◆ GIVEN ENTRIES
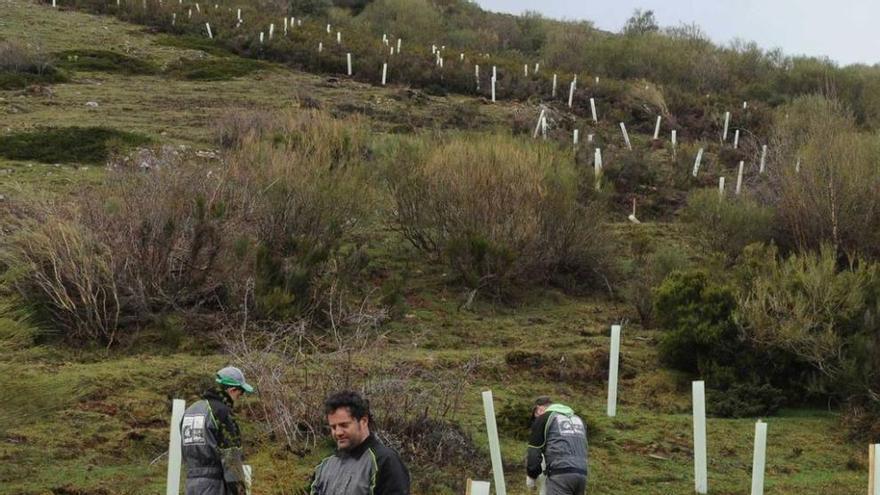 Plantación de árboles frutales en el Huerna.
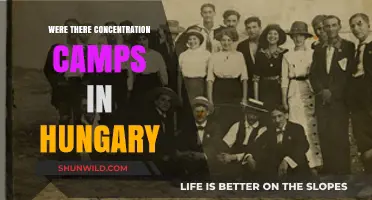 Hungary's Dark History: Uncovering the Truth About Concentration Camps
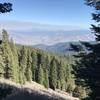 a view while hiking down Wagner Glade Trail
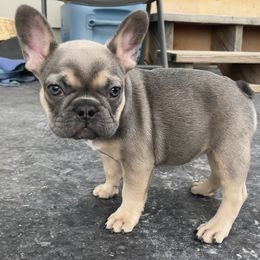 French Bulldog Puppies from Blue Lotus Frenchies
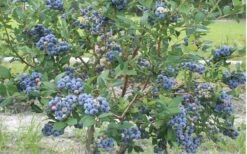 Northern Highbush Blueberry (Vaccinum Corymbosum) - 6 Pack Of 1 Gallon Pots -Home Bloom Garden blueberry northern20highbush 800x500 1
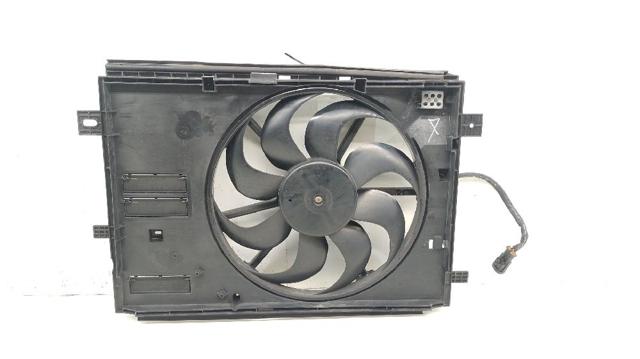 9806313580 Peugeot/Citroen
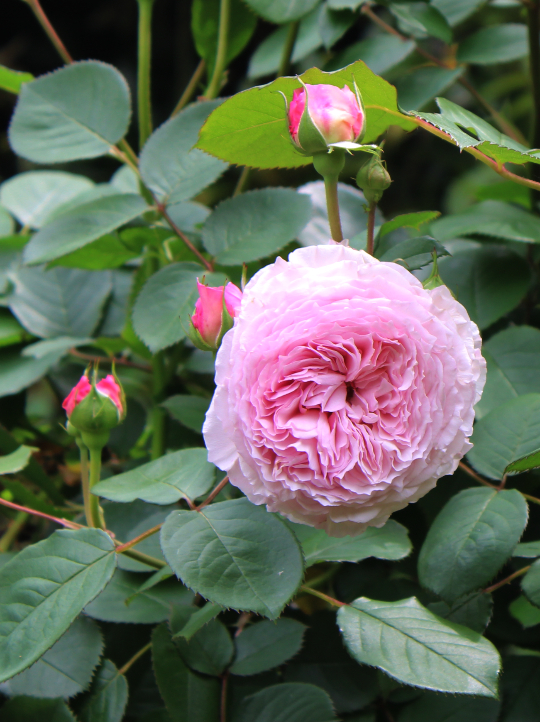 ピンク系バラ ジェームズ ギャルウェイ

---

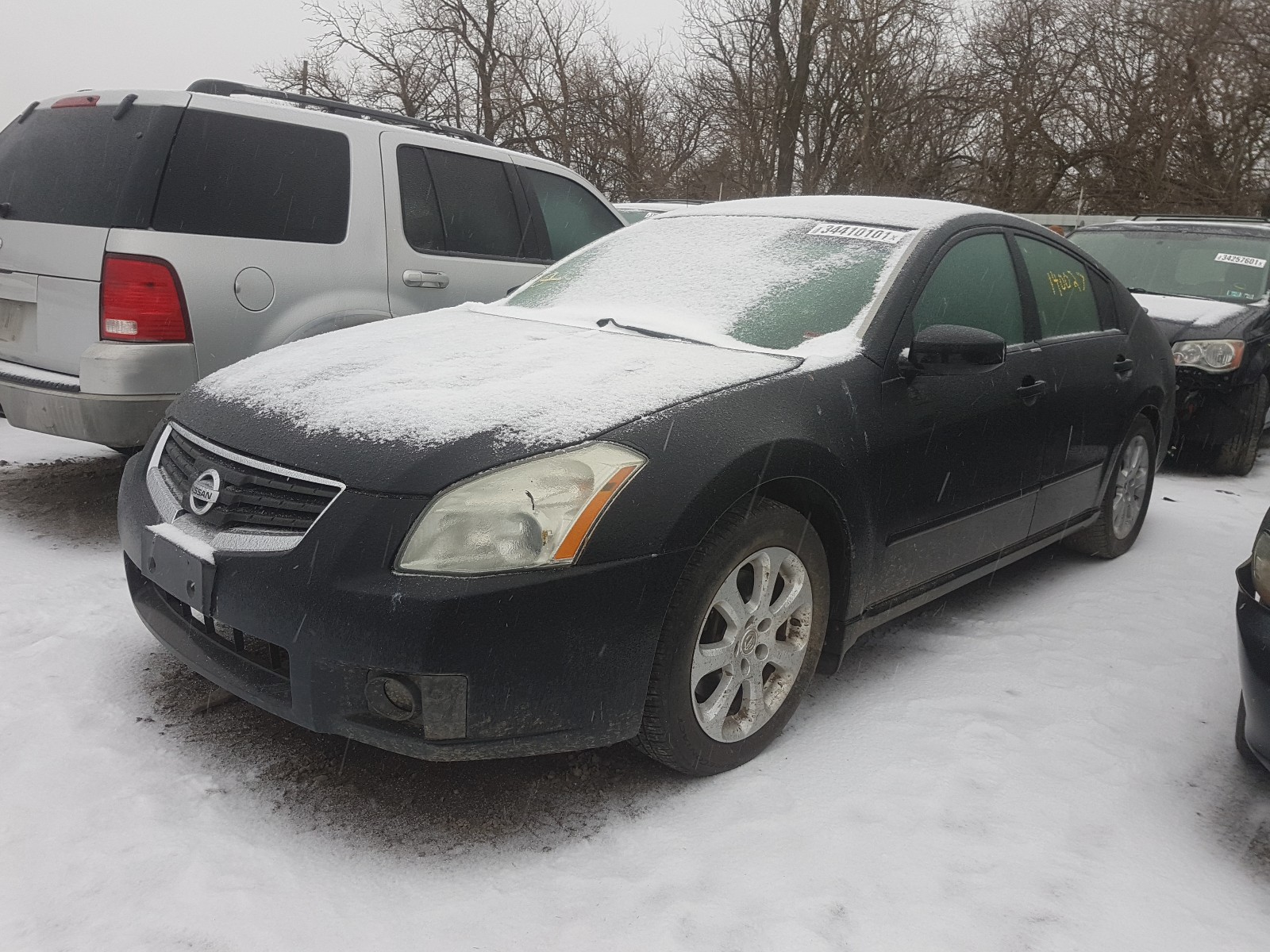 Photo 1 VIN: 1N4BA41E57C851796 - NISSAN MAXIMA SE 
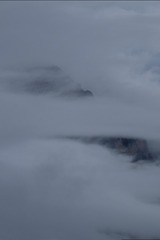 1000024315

...

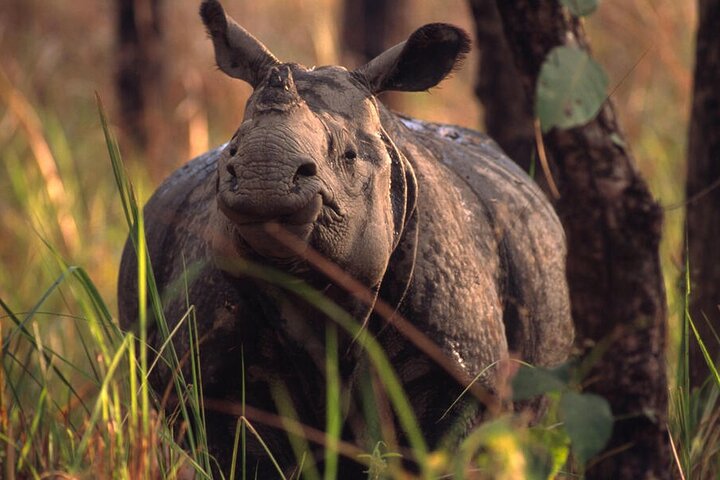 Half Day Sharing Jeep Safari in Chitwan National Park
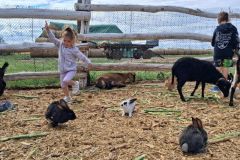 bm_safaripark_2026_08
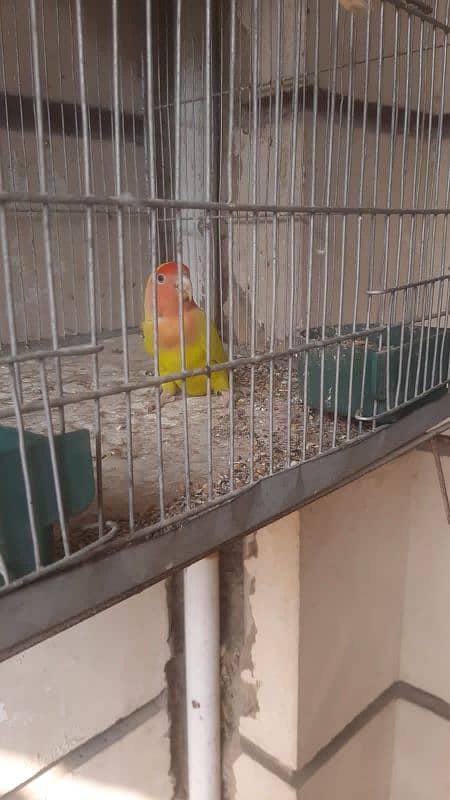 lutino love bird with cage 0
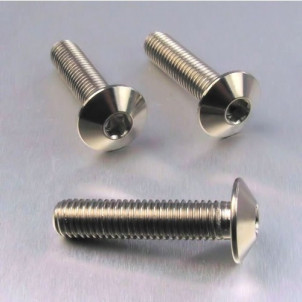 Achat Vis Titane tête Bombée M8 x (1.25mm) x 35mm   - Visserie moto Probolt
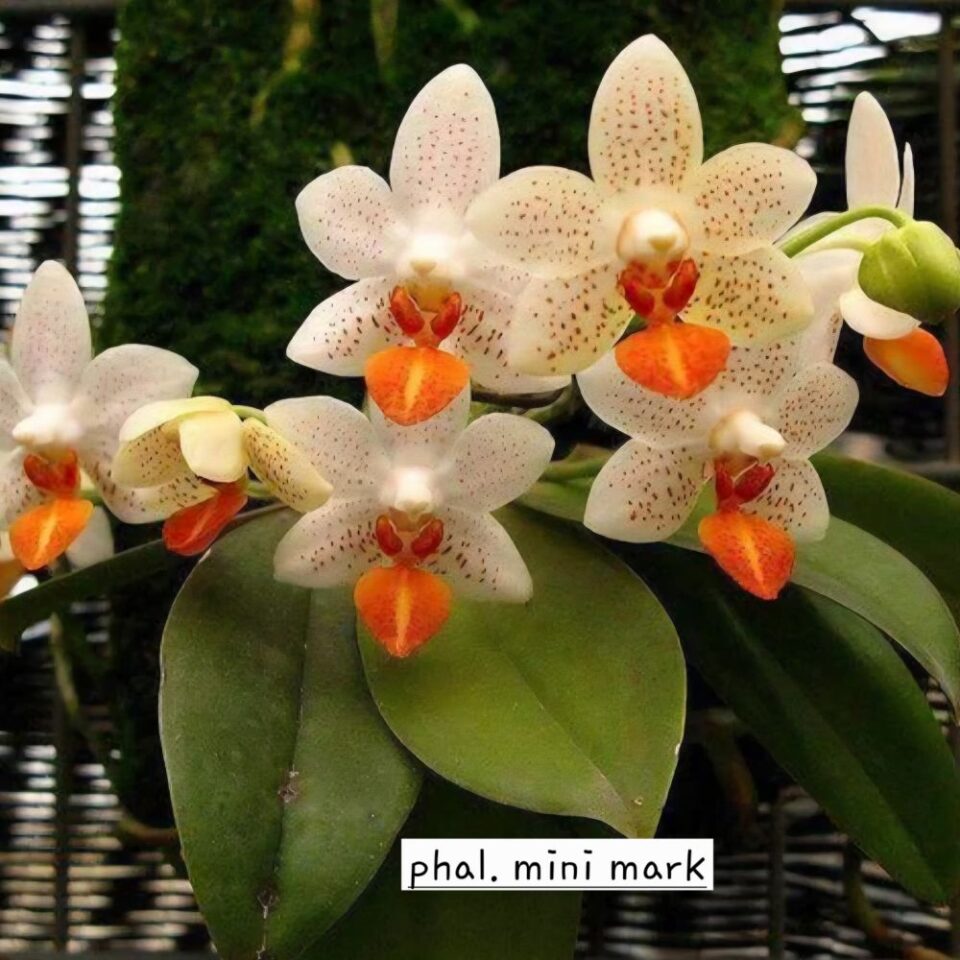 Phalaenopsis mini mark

◆ ASSIGNED TASK
What you need to produce is an exact copy of the entries above, limited to the lines from the one with "Plantación de árboles frutales en el Huerna." up to and including the one with "ピンク系バラ ジェームズ ギャルウェイ", without pictures.

◆ RESULT OF THIS EXERCISE
 Plantación de árboles frutales en el Huerna.
 Hungary's Dark History: Uncovering the Truth About Concentration Camps
 a view while hiking down Wagner Glade Trail
 French Bulldog Puppies from Blue Lotus Frenchies
 Northern Highbush Blueberry (Vaccinum Corymbosum) - 6 Pack Of 1 Gallon Pots -Home Bloom Garden blueberry northern20highbush 800x500 1
 9806313580 Peugeot/Citroen
 ピンク系バラ ジェームズ ギャルウェイ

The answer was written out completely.